04
Feb
2010

KINDNESS IS LIKE SNOW: IT BEAUTIFIES EVERYTHING IT COVERS

Two nights ago it was snowing again, kramsnö this time as the Swedes call it. Kram means hug. Hug snow! The kind that sticks, the kind that you lift your face up for and stick your tongue out to. The kind that mashes down just right in your mittened hands to form a perfect snowball; the kind that you can roll about the yard in serpentine trails that lead to a snowman’s body and torso and head.

We’ve had an awful lot of the powder snow, the light glittery kind that sifts and blows and shines like diamonds in any scrap of light. But beautiful as it is, it’s not nearly as satisfying as the real stuff. Anyway, because it was snowing and rather late, I thought I’d wait on the re-shoveling and just deal with the next day when I came home. It didn’t snow very long so the next morning there was only a dusting on the car and the accumulation on top of what we already had wasn’t that much to speak of. The streets in our village weren’t plowed yet, that early in the morning, so driving was a bit of a slippery challenge, especially whenever we went around a corner, but no worries.

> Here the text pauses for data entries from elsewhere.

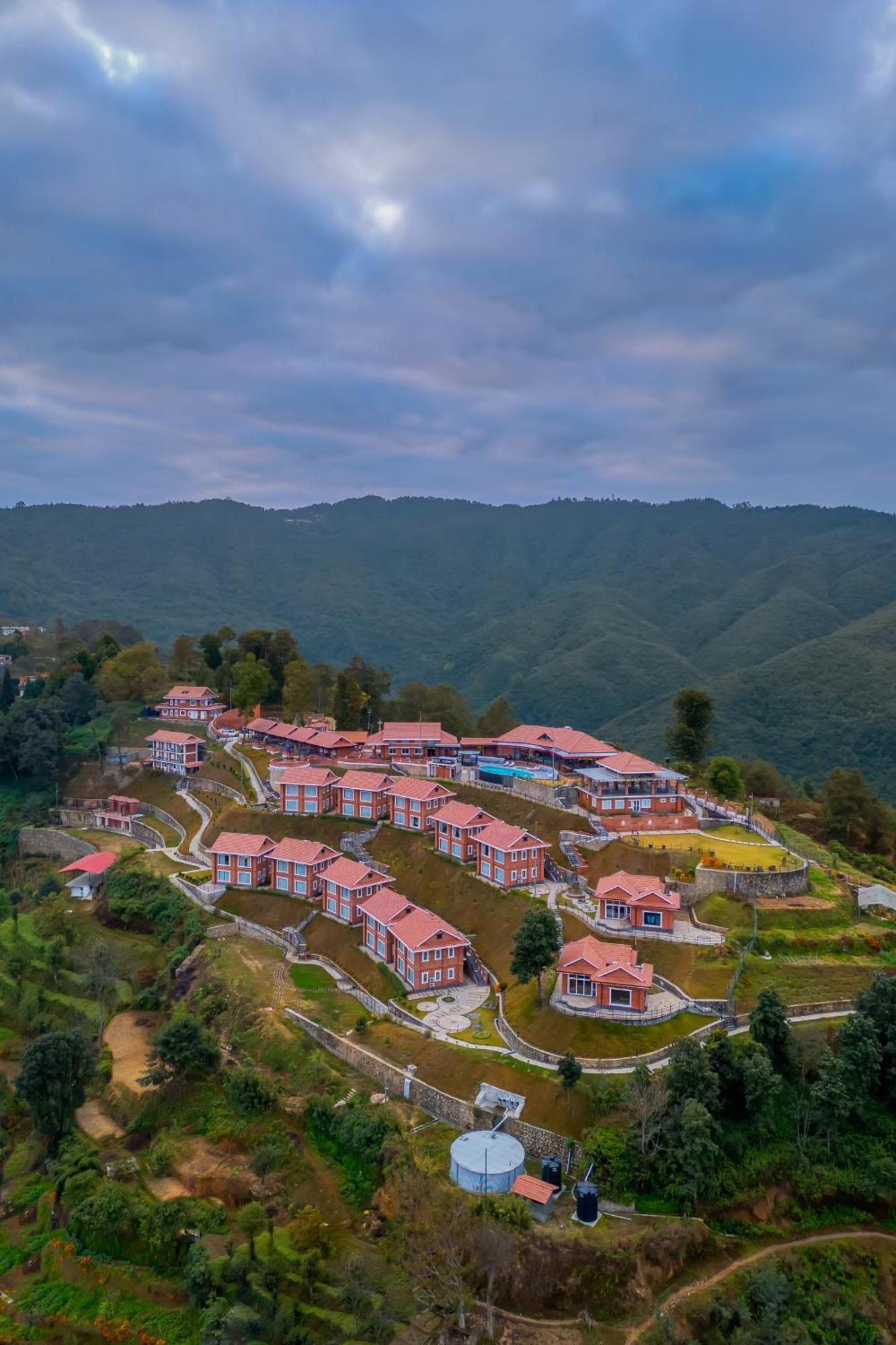 Soaltee Westend Resort นาการ์ก็อต ภายนอก รูปภาพ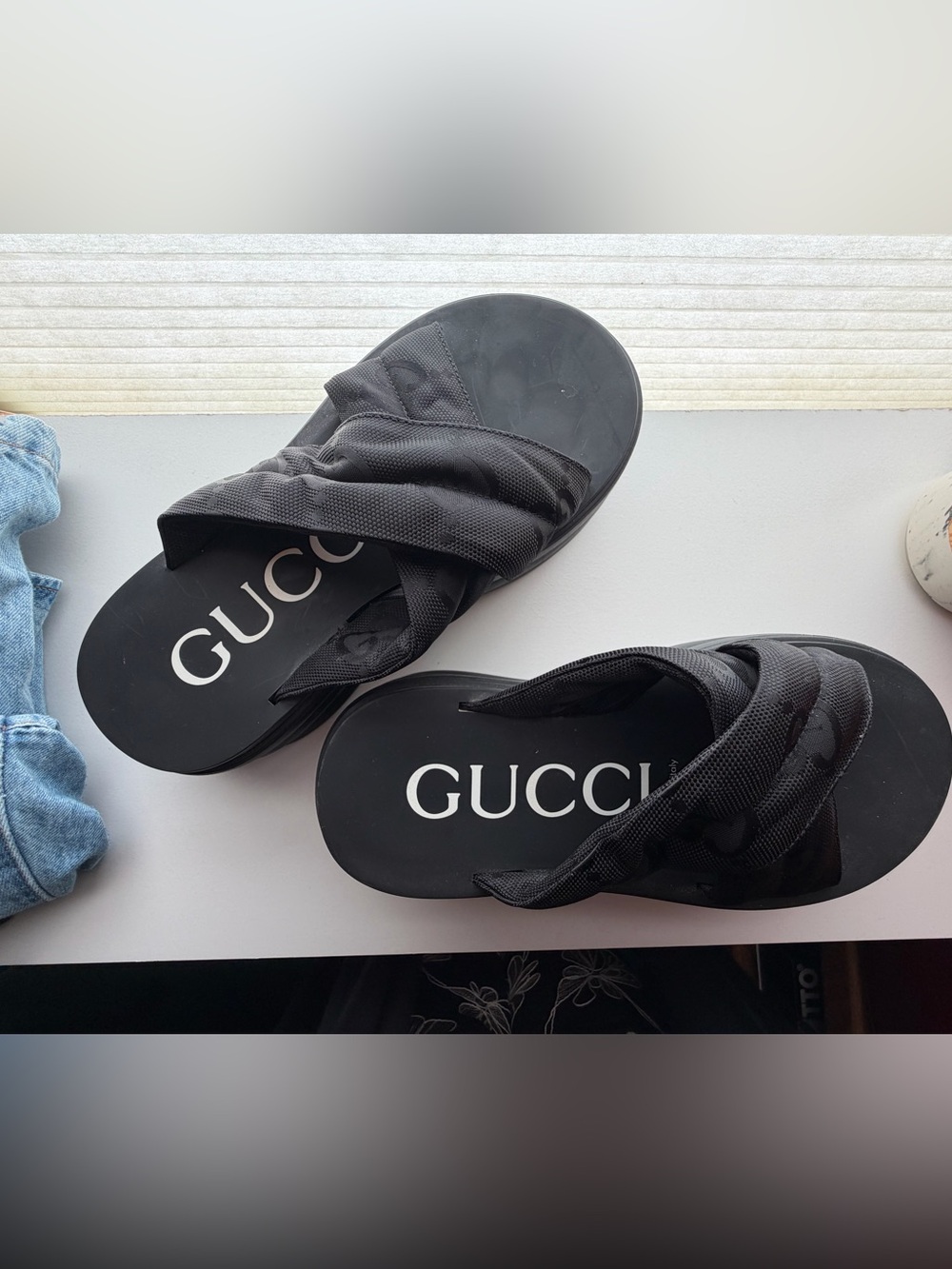 Gucci Black Cross-Band Slide Sandals - Women's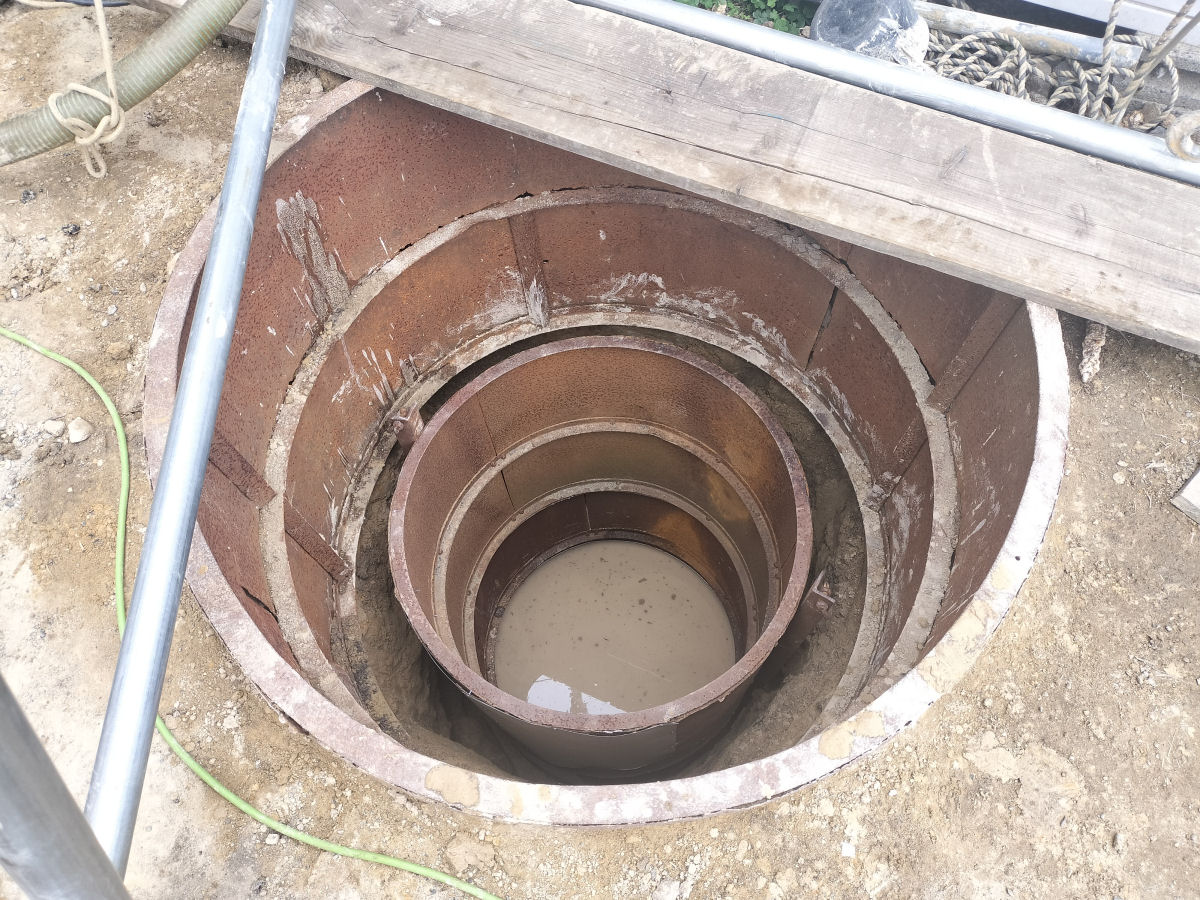 chikaido's tweet photo. 久々にXにポストします💦
現場が忙しくてなかなかブログ更新もままならなくなりました😅
現在は昔ながらの掘井戸を掘削しています～
なかなかの難工事・・・
がんばります https://t.co/sSLLb2TBjw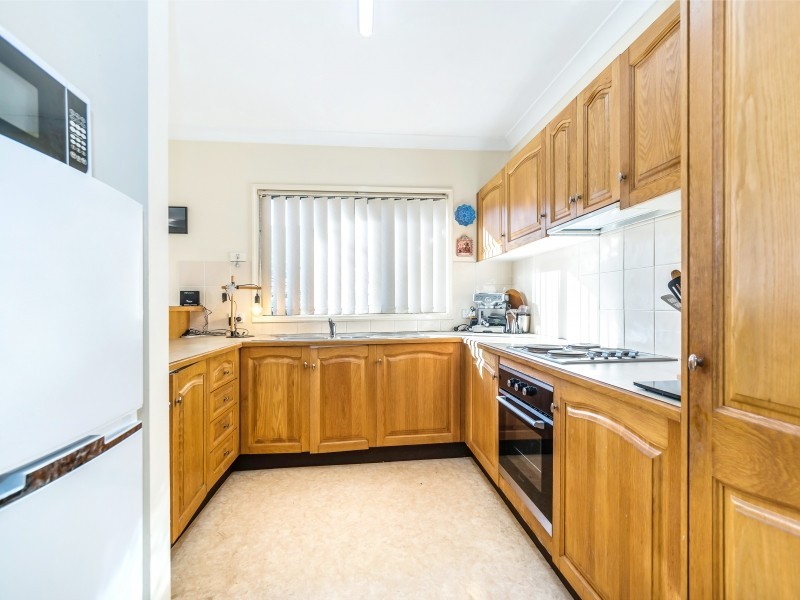 1 McCauley Street, Thirroul NSW 2515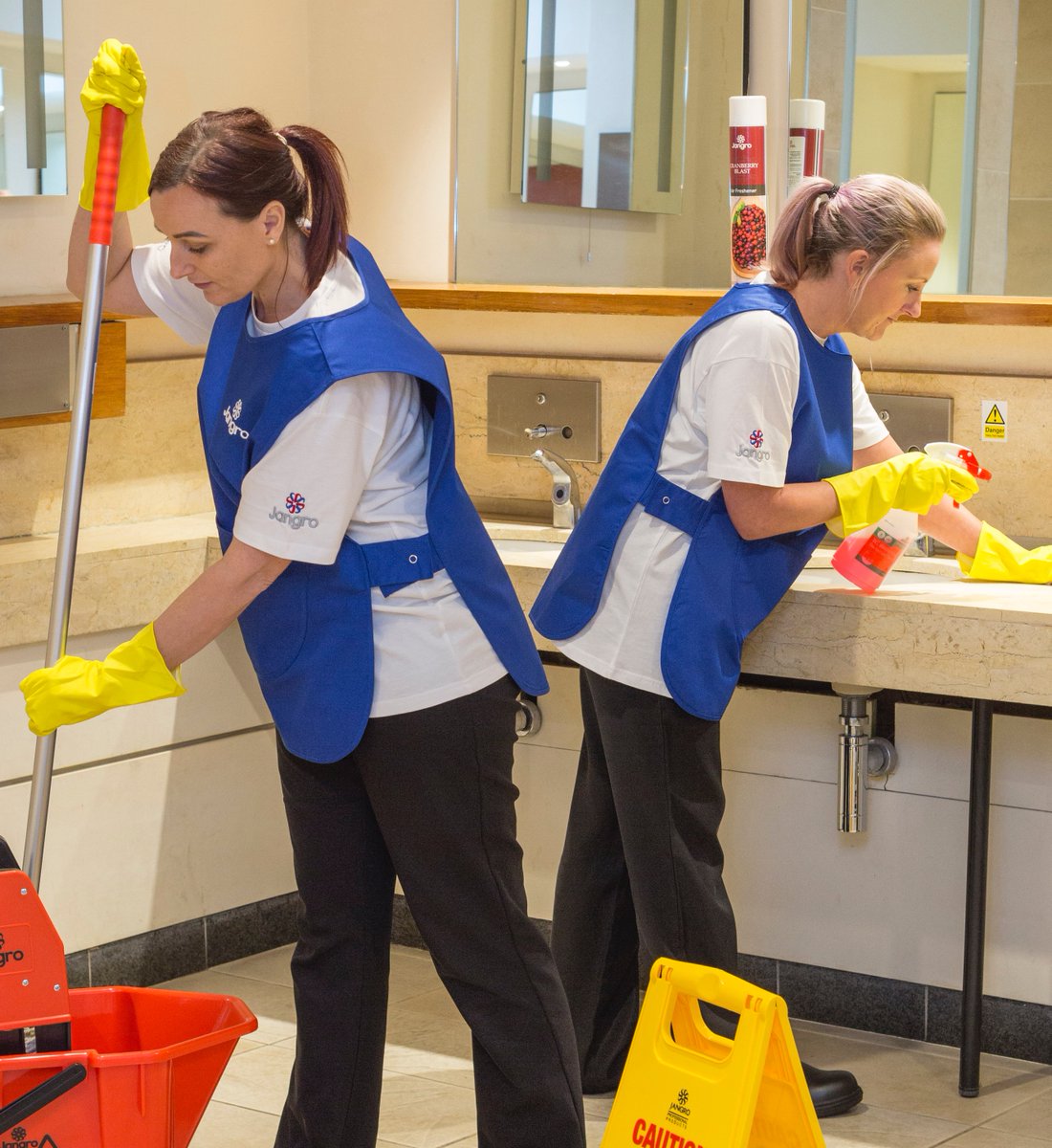 CleaningMatters's tweet image. How can employers support cleaning operatives both during and after the COVID-19 pandemic? 

And, in doing so, how can they reap business benefits?
cleaning-matters.co.uk/supporting-cle…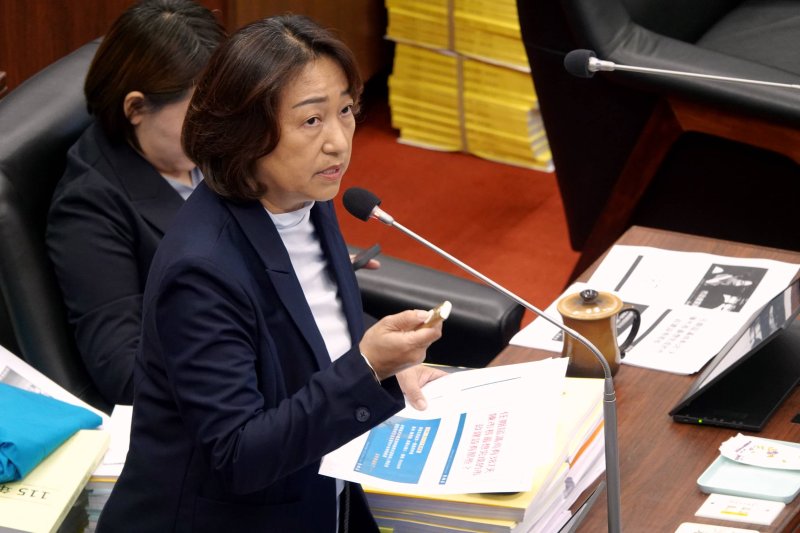 漾新聞｜長照3.0明年上路！李雅芬籲補強制度缺口　陳其邁同意全面檢討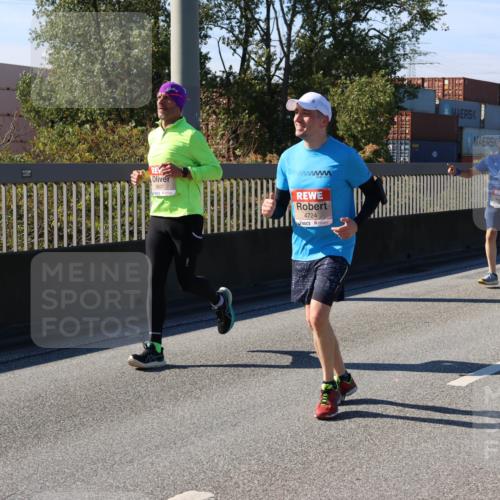 03.10.2025 - Köhlbrandbrückenlauf Strokosch-Dieckow http://msf.ph/oto/9116430 03.10.2025 12:51:10 Position 3 1880, 5637, 4724 meine-sportfotos.de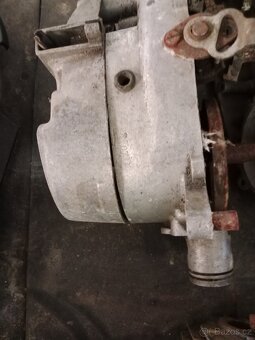 Rozebrány komplet motor pionýr na go. - 10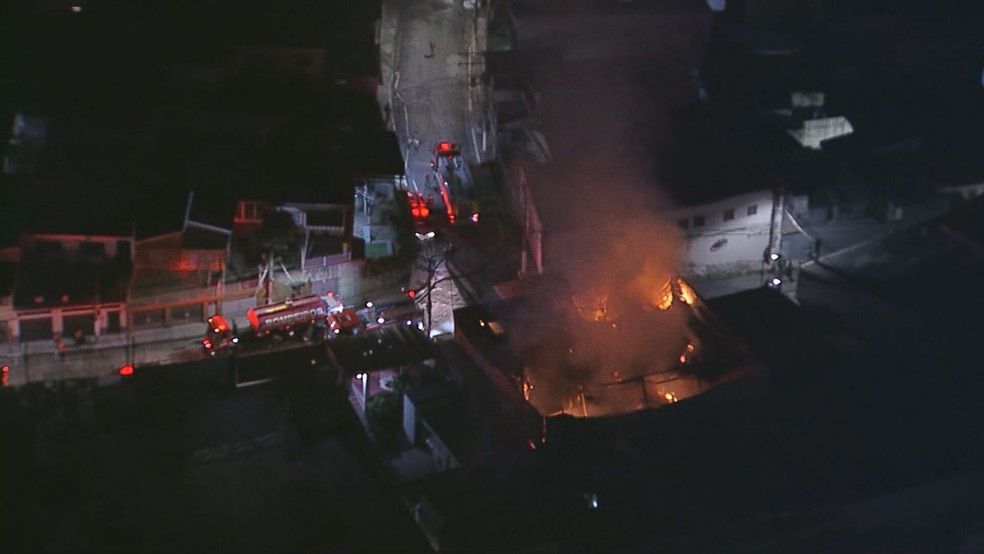 Incêndio em fábrica na Zona Norte de SP — Foto: Reprodução/TV Globo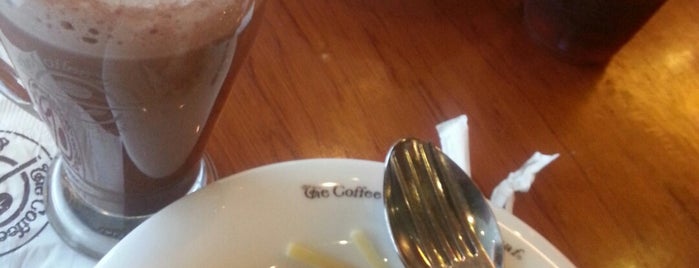 The Coffee Bean & Tea Leaf is one of Colombo.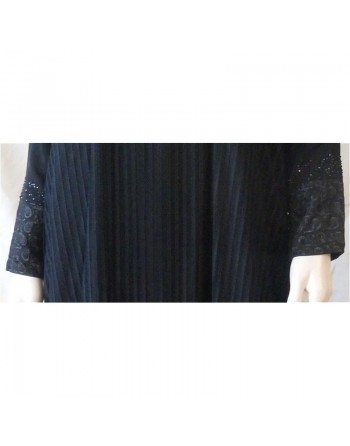 Abaya noire "Dubai" décorée de strass noires avec foulard assorti 
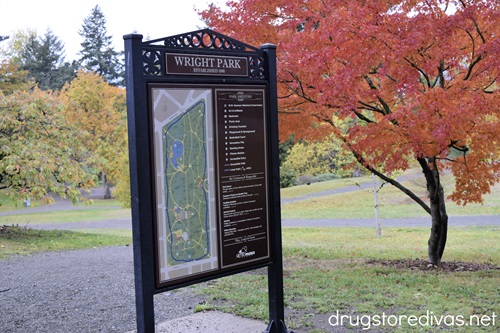 A sign with a map of Wright Park in Tacoma, WA.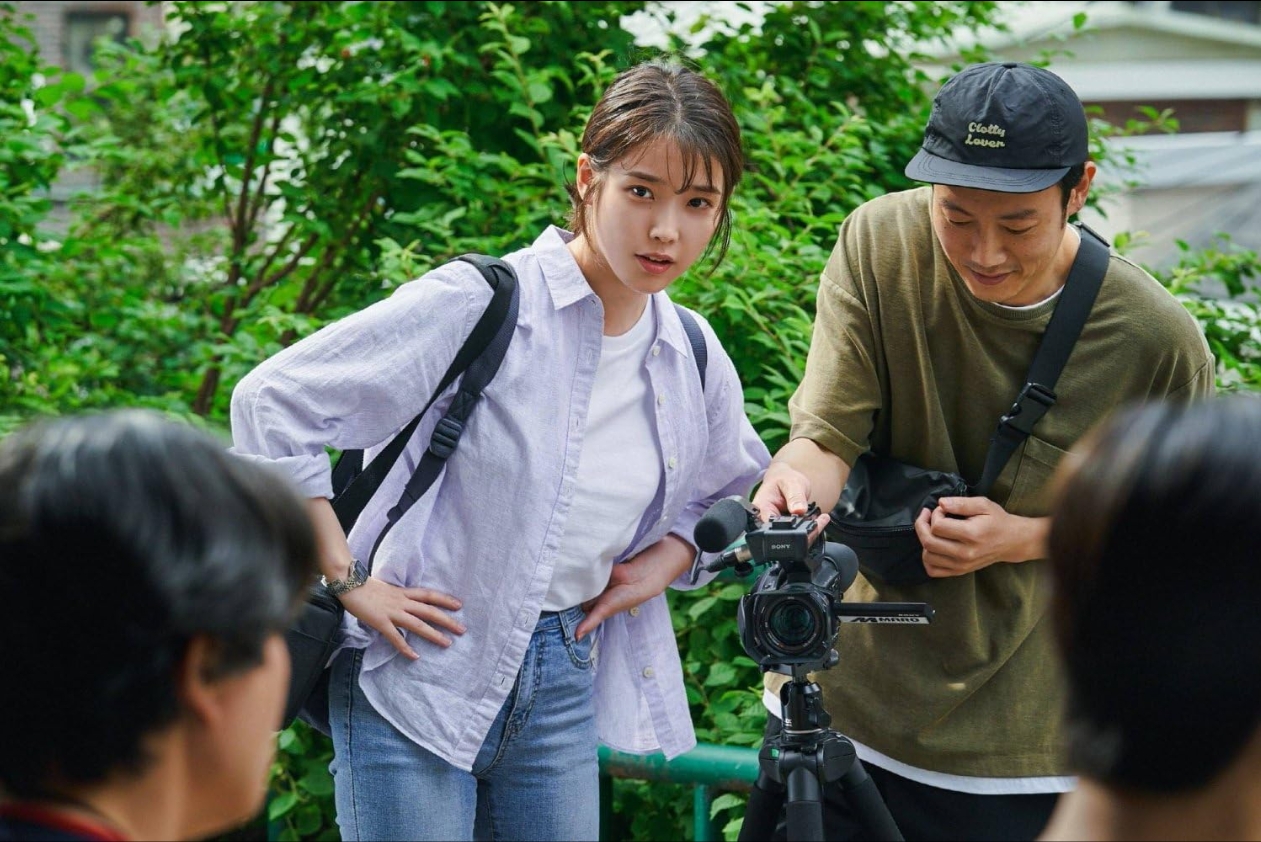 朴敘俊、IU互看不順眼還互比中指？Netflix 韓國電影《DREAMA夢想代表隊》爆笑溫馨交織、7/25上線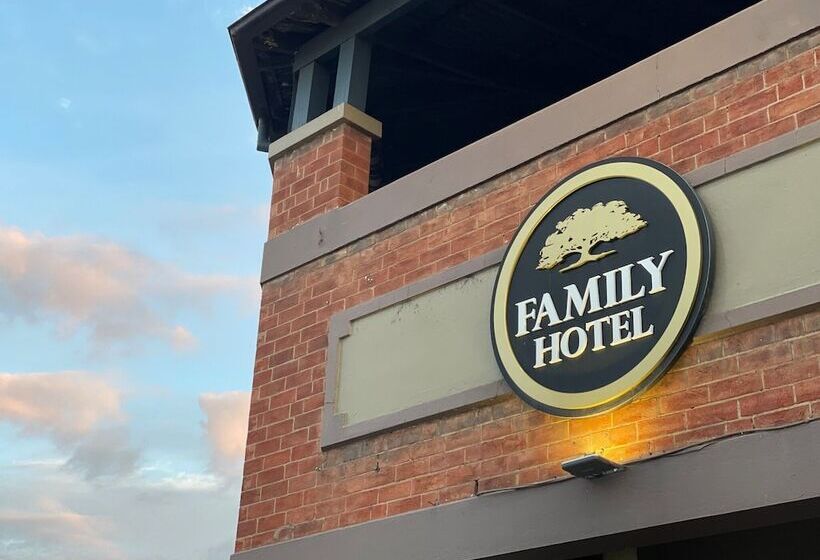 Отель Family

As we drove into the village at the end of the day, I was glad to see the streets had been plowed…until we turned the last corner and I saw that our driveway (which is three cars plus wide) was completely plowed in: to the tune of two feet high and two feet wide and 10 feet long. AAGH. I couldn’t even pull the car into the driveway!

Nothing for it, but to park the car in the street, climb over the embankment, fetch the shovel and start digging. I figured there was no point in shoveling the barrier behind the Volvo: Anders is gone for 2 weeks and it wasn’t going anywhere soon, so I just started removing the piled up snow that was blocking MY car’s entrance. Kramsnö is HEAVY. A quarter of the way through the dike, I straightened up, stretched my aching back and yelled over to my next-door neighbor, who was ALSO unshoveling her plowed-in driveway: “I don’t think it’s so pretty anymore!”

Back to laboring: chunk, lift, fling; chunk, lift, fling…and suddenly another shovel was next to mine, also digging in, and I looked up to see my across-the-street neighbor smile at me and say, “Looks like you could use some help!” I was halfway done, so he helped me finish it off, clearing the whole driveway space so that I could get the car up. Wasn’t that nice?

We don’t really know our neighbors well. We all smile and wave at each other on sight and say hello and once in awhile someone will stop and chat for a moment, but nothing much more than that. I know that the people in the six houses in the block across the street hang out with each other to some degree, but we’re not part of that circle. They’re all quite a bit younger with much younger children, and we’re all just busy with our separate lives, I guess. Anyway, I thought it was very neighborly. And I noticed afterward how much the snow was sparkling again.